» **Recorded data**:
= Beginning of Section =
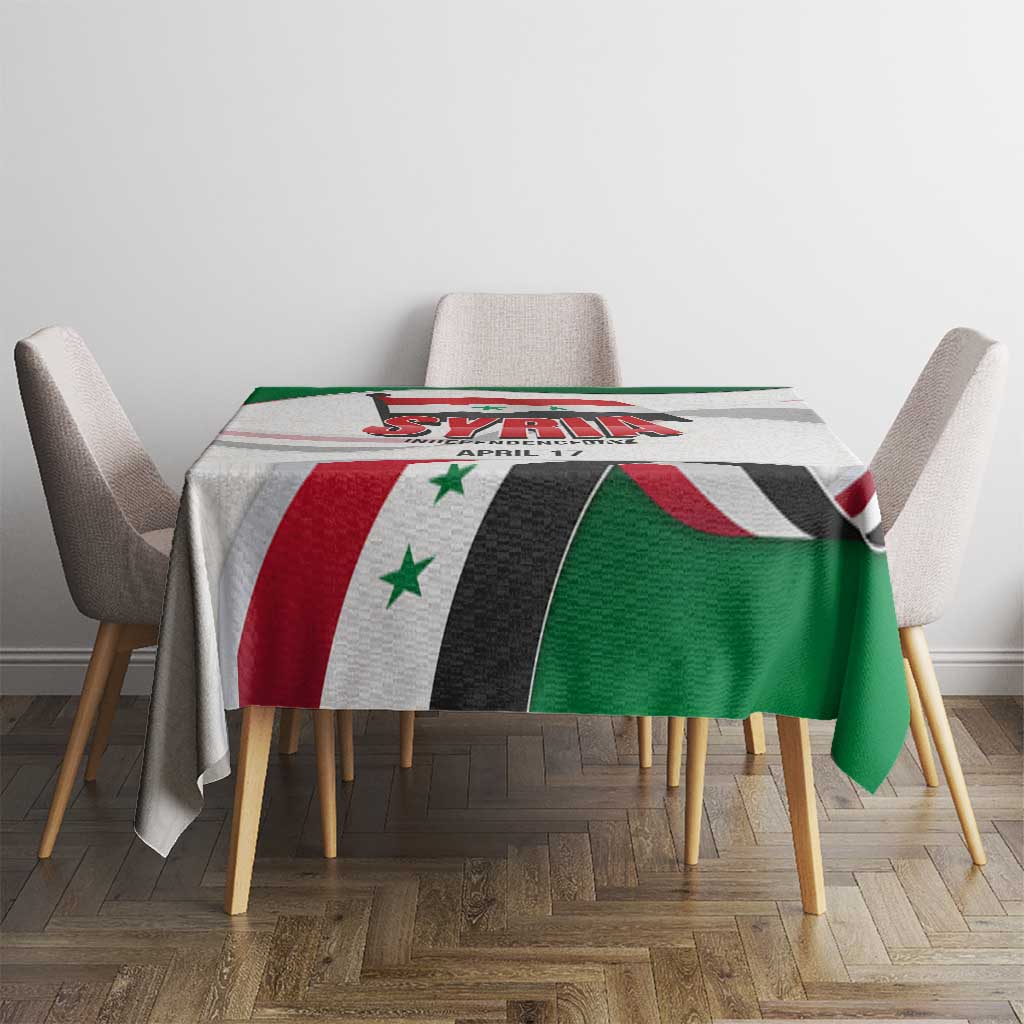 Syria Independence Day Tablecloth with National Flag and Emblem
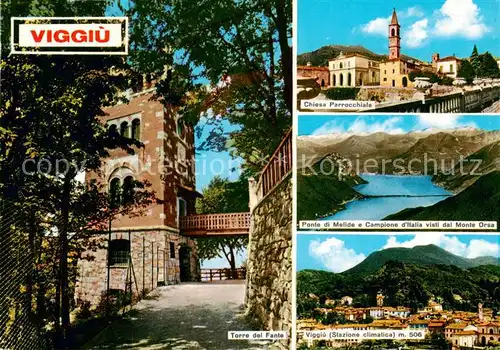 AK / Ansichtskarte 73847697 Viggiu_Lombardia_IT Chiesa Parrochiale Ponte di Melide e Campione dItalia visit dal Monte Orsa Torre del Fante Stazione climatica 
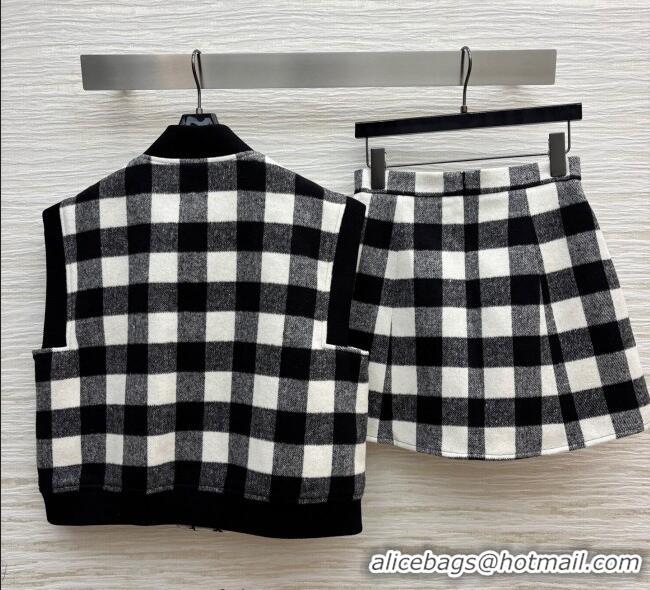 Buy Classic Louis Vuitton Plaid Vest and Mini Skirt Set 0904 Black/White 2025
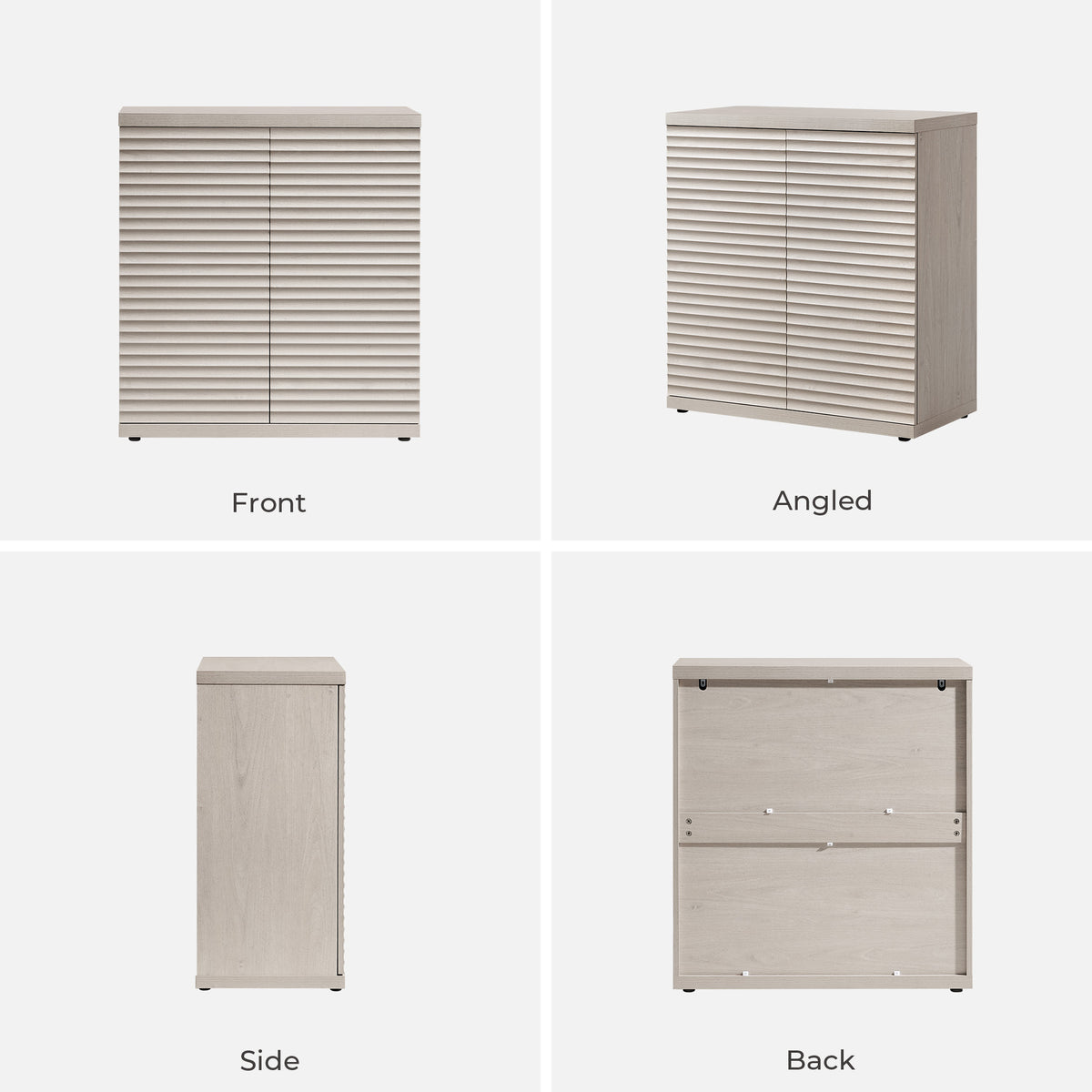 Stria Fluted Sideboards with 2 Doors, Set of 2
= End of Section =
= Beginning of Section =
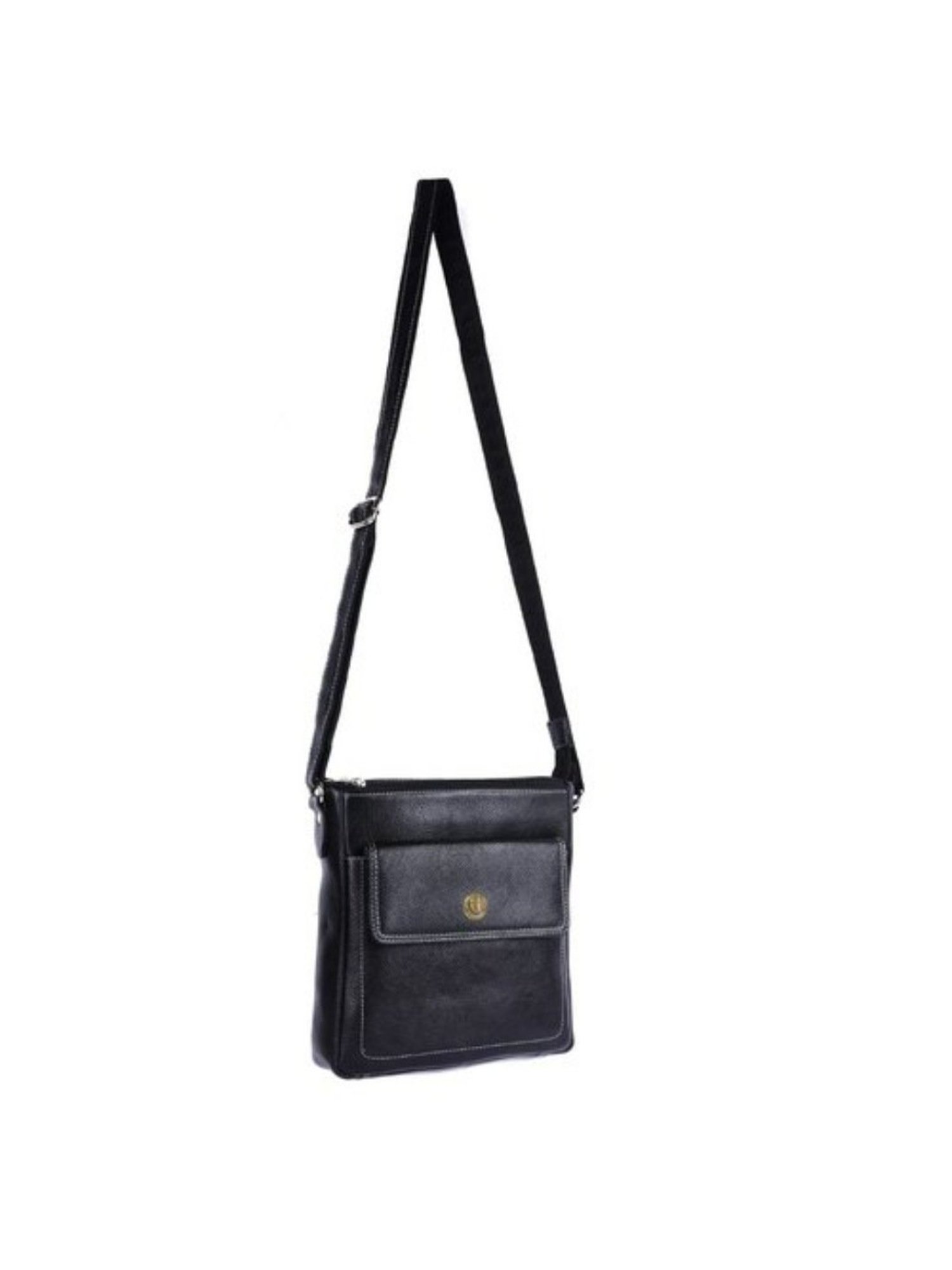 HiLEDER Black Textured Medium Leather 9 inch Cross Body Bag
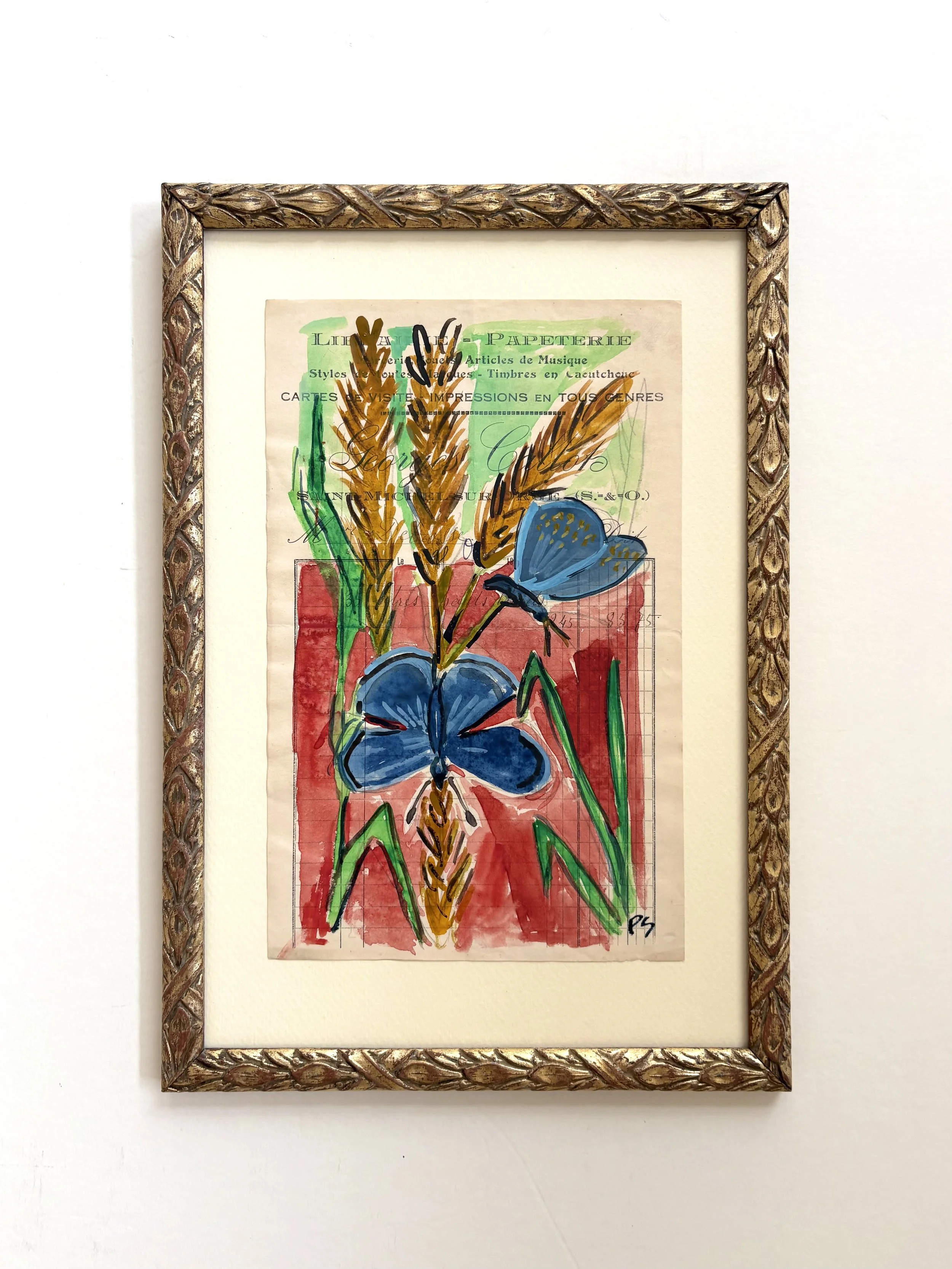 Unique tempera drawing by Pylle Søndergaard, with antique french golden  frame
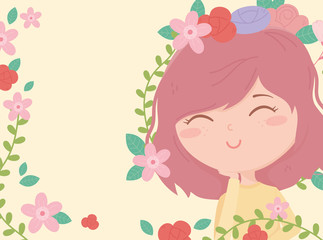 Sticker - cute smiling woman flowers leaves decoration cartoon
= End of Section =
» **Problem details**: Using the entries above, transcribe exactly from the line that has "Syria Independence Day" through the line that has "Stria Fluted Sideboards". Pictures are dropped.

» **Response to the exercise**:
 Syria Independence Day Tablecloth with National Flag and Emblem
 AK / Ansichtskarte 73847697 Viggiu_Lombardia_IT Chiesa Parrochiale Ponte di Melide e Campione dItalia visit dal Monte Orsa Torre del Fante Stazione climatica 
 Buy Classic Louis Vuitton Plaid Vest and Mini Skirt Set 0904 Black/White 2025
 Stria Fluted Sideboards with 2 Doors, Set of 2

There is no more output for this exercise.